La clave de la innovación en las pequeñas y medianas empresas (pymes) mexicanas es la creatividad y la profesionalización de los empleados, de acuerdo con la empresa PDMA, encargada de apoyar a los empresarios en el desarrollo de nuevos productos y servicios.

“Las pequeñas y medianas empresas tienen una gran capacidad para producir innovación, debido a que sus estructuras son flexibles y la toma de decisiones suele hacerse más rápido, lo que les permite generar mayor valor agregado, el requisito es mantener una capacitación constante”, explicó Robert E. Jonson, presidente de la junta de la asociación.

A pesar de que muchos procesos de innovación dependen del apoyo que el sector federal le brinde a los empresarios, y de la creatividad de las personas; también obedecen a la apertura cultural que tengan el dueño de un negocio para permitirle a sus trabajadores fracasar en la práctica diaria.

“Es necesario que en México se generé un cambio cultural, a través del cual los empresarios le permitan a sus trabajadores aportar nuevas ideas a los procesos productivos de la empresa, pero también les permitan equivocarse y fracasar, pues sólo a través de sus errores podrán innovar”, explicó Luis Huerta, vicepresidente de operaciones de PDMA México.

De acuerdo con ambos voceros, en México los empresarios temen al fracaso al implementar innovación en sus procesos, pues lo perciben como “un riesgo que puede llevar a la empresa a la quiebra”

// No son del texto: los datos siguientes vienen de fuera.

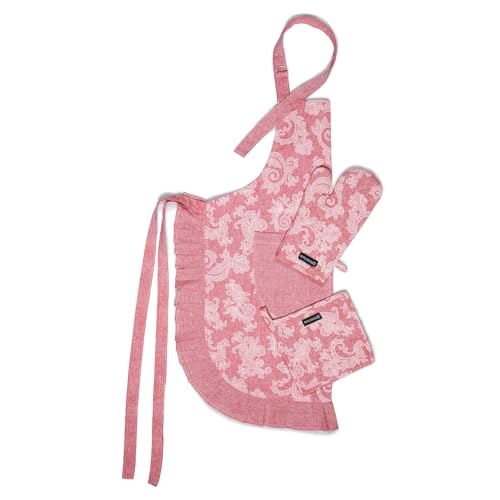 Image of Encasa XO 100% Cotton Apron Set for Women & Men with Adjustable Apron, Oven Gloves & Pot Holder (Pack of 3) Combo, Heat-Resistant, Soft & Durable for Cooking, Baking & Grilling (Floral Red)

Ante ésta preocupación, Luis Huerta recomendó a los empresarios tomar en cuenta que la implementación de mejoras dentro de las empresas es un proceso que requiere tiempo, más no depende de un área laboral, sino de toda la compañía.

“Intentar limitar el proceso de innovación a un periodo de tiempo, tiene como consecuencia la reducción del impacto de las mejoras, y con ello se disminuye el rendimiento que podría tenerse” agregó.

Para finalizar, destacaron que si bien la innovación depende de la creatividad, ésta es sólo un primer paso en el proceso de generación de valor agregado, y que es vital para las pymes generar mejoras continuas para aumentar su competitividad.